* _Available data_
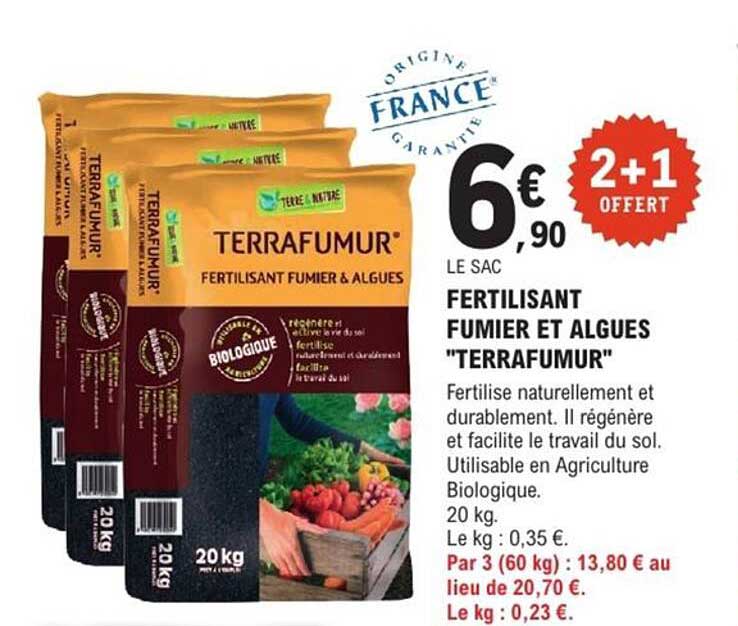 FERTILISANT FUMIER ET ALGUES "TERRAFUMUR"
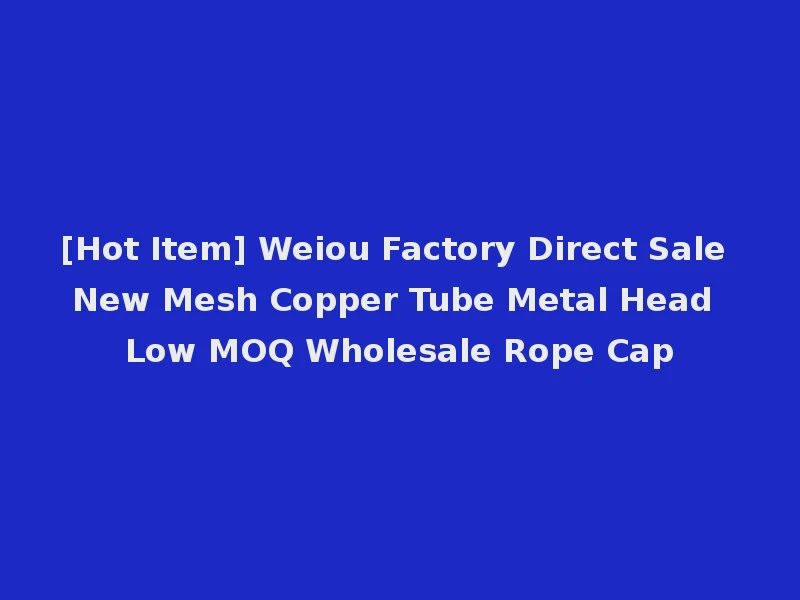 [Hot Item] Weiou Factory Direct Sale New Mesh Copper Tube Metal Head Low MOQ Wholesale Rope Cap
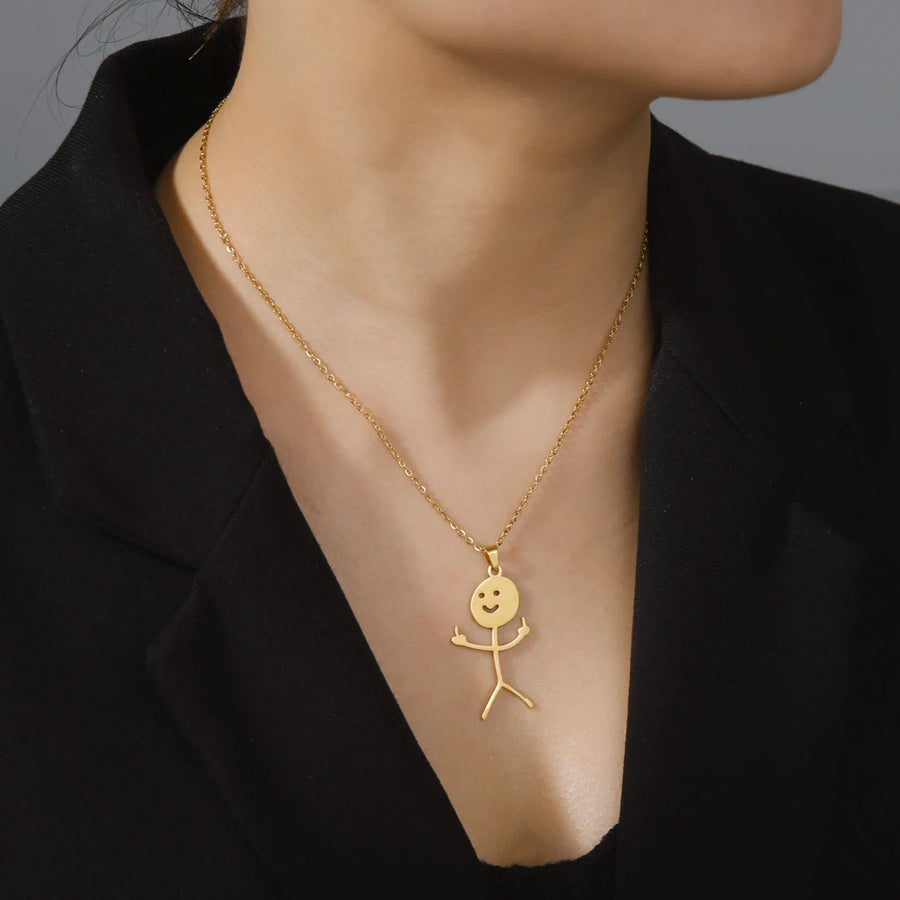 Cute Punk Funny Middle Finger Stickman Necklace - Image 5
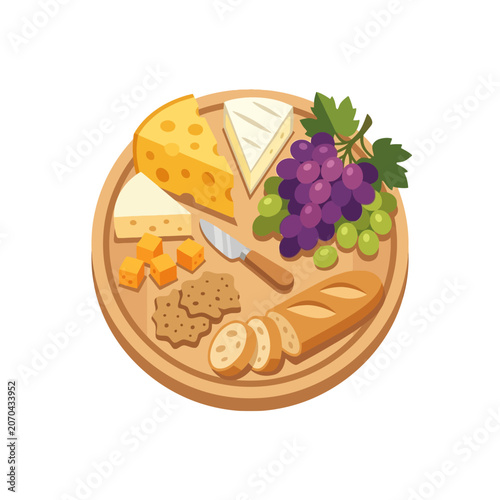 A cheese board with grapes, crackers and bread slices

* _Exercise directions_
Would you give again exactly the lines from the line containing "[Hot Item] Weiou" through the end of the listing, both ends included, without any pictures?

* _Exercise result_
 [Hot Item] Weiou Factory Direct Sale New Mesh Copper Tube Metal Head Low MOQ Wholesale Rope Cap
 Cute Punk Funny Middle Finger Stickman Necklace - Image 5
 A cheese board with grapes, crackers and bread slices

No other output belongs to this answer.